Transcribe every line of the material below without change, apart from dropping the pictures.

• [Data segment]:

◆ ◆ ◆ ◆ ◆ ◆ ◆

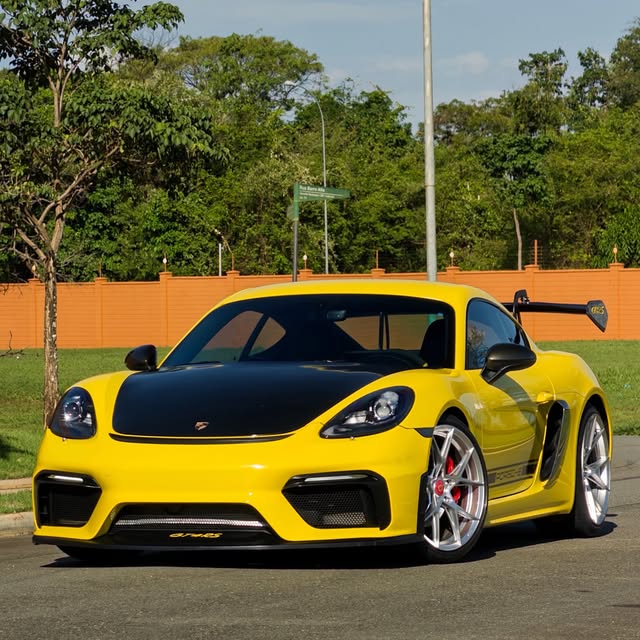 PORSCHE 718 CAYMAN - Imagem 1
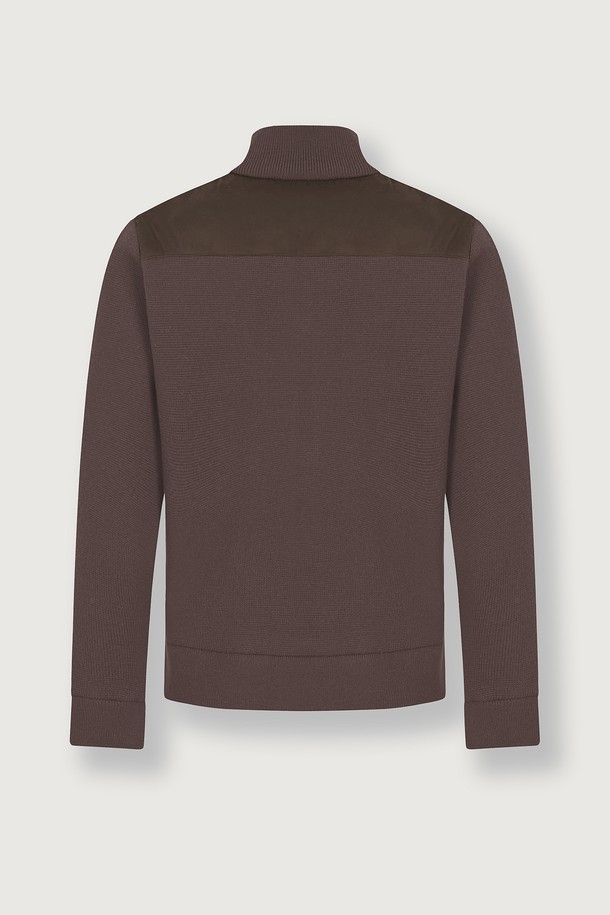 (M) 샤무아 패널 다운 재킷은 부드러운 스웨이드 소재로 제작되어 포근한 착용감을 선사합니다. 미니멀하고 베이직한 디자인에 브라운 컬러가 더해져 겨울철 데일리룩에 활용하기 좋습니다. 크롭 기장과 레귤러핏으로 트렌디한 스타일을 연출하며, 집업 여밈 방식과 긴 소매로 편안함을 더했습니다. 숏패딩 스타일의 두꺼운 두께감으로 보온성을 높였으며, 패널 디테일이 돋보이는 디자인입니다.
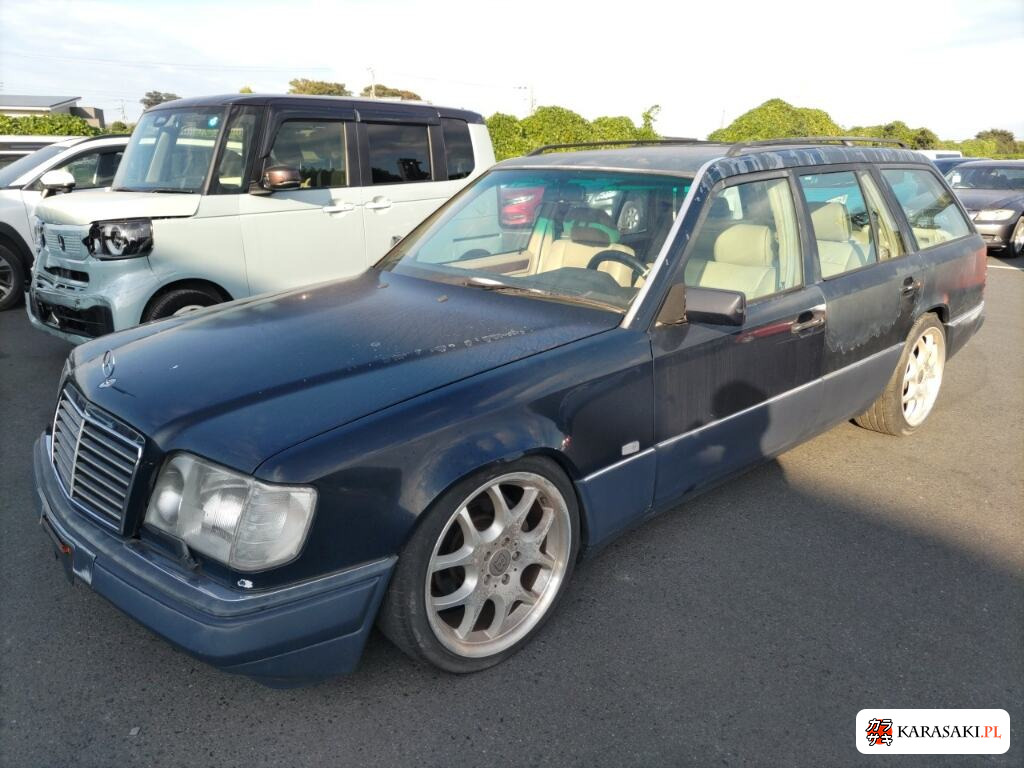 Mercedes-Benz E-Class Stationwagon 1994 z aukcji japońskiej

◆ ◆ ◆ ◆ ◆ ◆ ◆

• [Answer box]:
 PORSCHE 718 CAYMAN - Imagem 1
 (M) 샤무아 패널 다운 재킷은 부드러운 스웨이드 소재로 제작되어 포근한 착용감을 선사합니다. 미니멀하고 베이직한 디자인에 브라운 컬러가 더해져 겨울철 데일리룩에 활용하기 좋습니다. 크롭 기장과 레귤러핏으로 트렌디한 스타일을 연출하며, 집업 여밈 방식과 긴 소매로 편안함을 더했습니다. 숏패딩 스타일의 두꺼운 두께감으로 보온성을 높였으며, 패널 디테일이 돋보이는 디자인입니다.
 Mercedes-Benz E-Class Stationwagon 1994 z aukcji japońskiej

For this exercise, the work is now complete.